- **Directions**
Look in the listing below for the line that has "Vintage Margules plus", then return it and each following line up to and including the one with "La façade du", exactly and without pictures.

- **Data extracts**
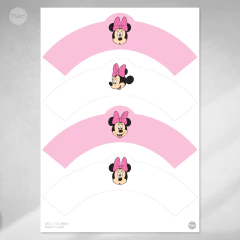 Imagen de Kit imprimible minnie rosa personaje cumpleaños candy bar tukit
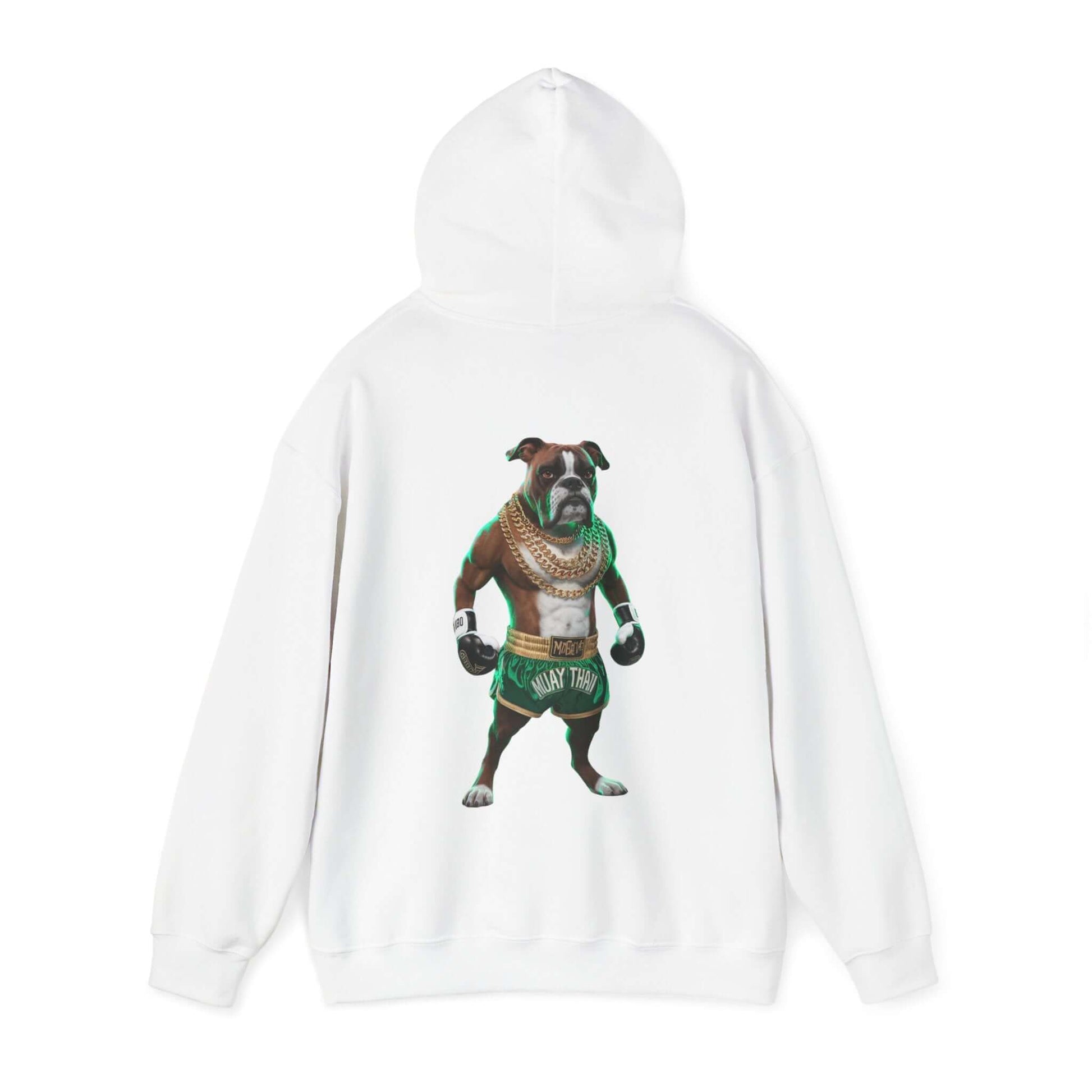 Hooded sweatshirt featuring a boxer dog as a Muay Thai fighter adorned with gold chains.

--

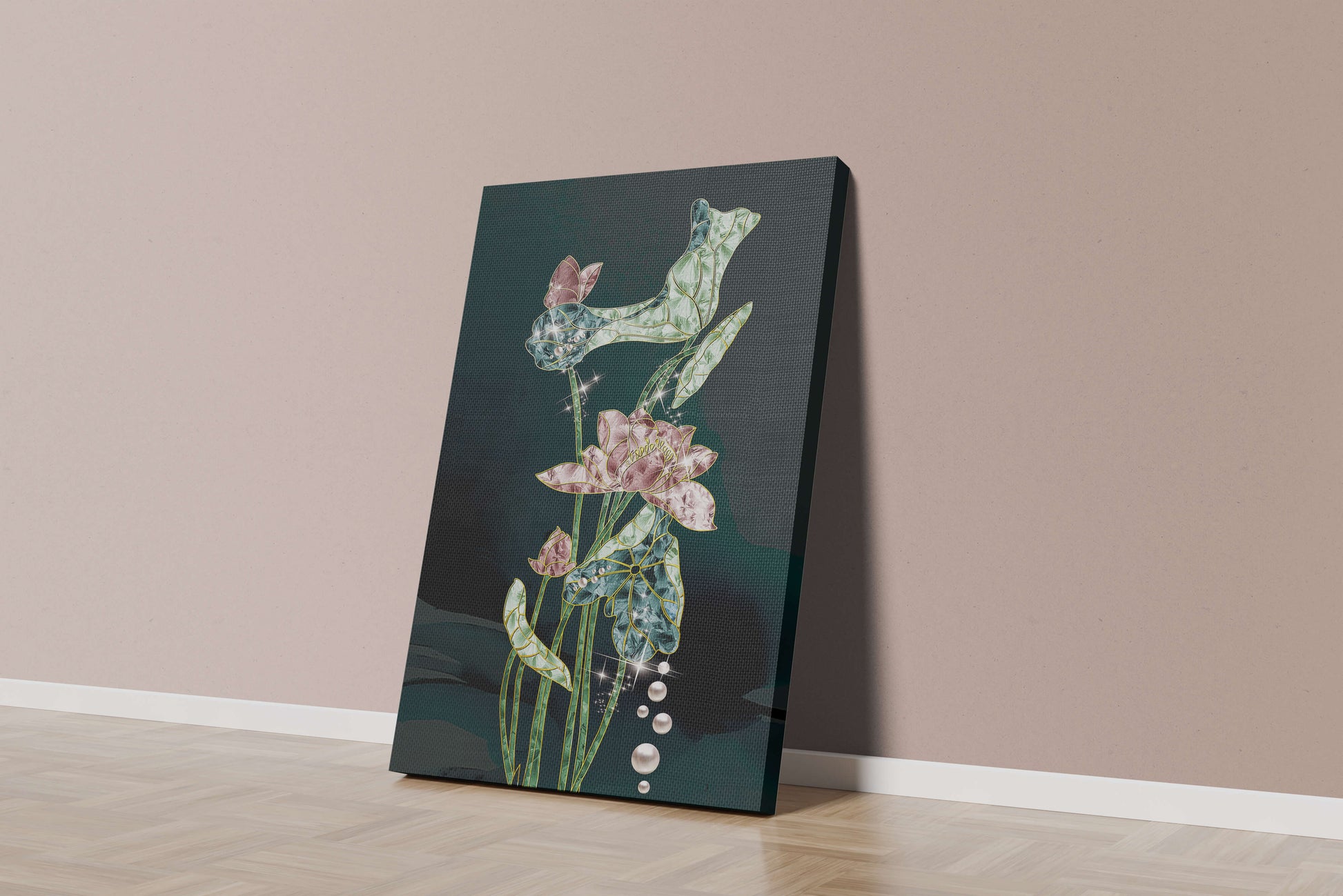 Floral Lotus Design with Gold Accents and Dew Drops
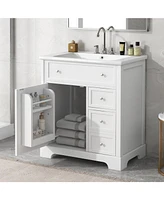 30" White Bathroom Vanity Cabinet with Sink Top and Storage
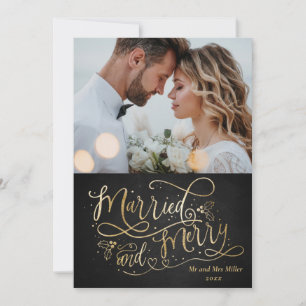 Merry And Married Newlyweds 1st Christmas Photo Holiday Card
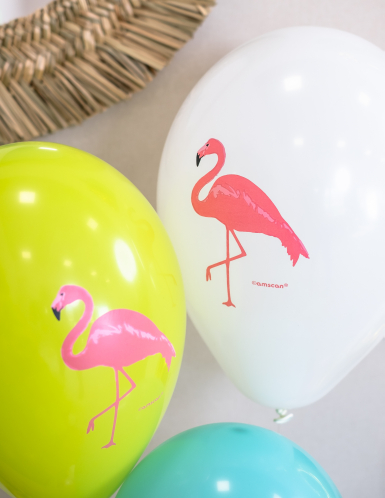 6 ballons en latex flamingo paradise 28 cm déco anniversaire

...

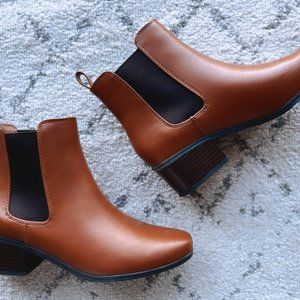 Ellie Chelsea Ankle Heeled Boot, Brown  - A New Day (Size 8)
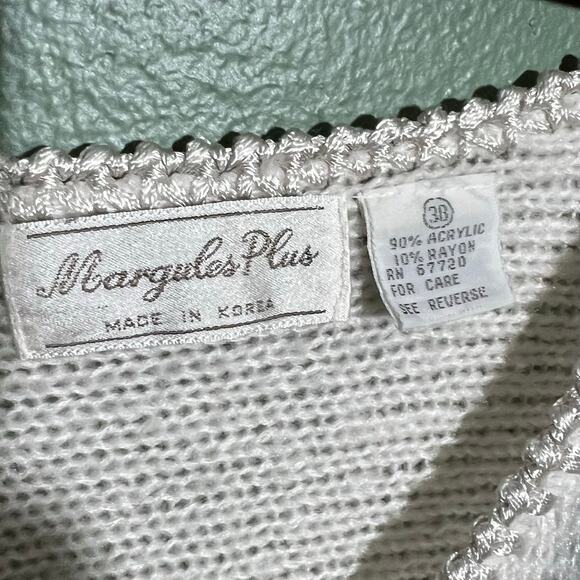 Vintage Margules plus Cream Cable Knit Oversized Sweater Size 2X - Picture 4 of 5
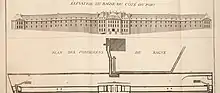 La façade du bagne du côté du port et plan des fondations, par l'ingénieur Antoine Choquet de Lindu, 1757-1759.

- **Output for this task**
 Vintage Margules plus Cream Cable Knit Oversized Sweater Size 2X - Picture 4 of 5
 La façade du bagne du côté du port et plan des fondations, par l'ingénieur Antoine Choquet de Lindu, 1757-1759.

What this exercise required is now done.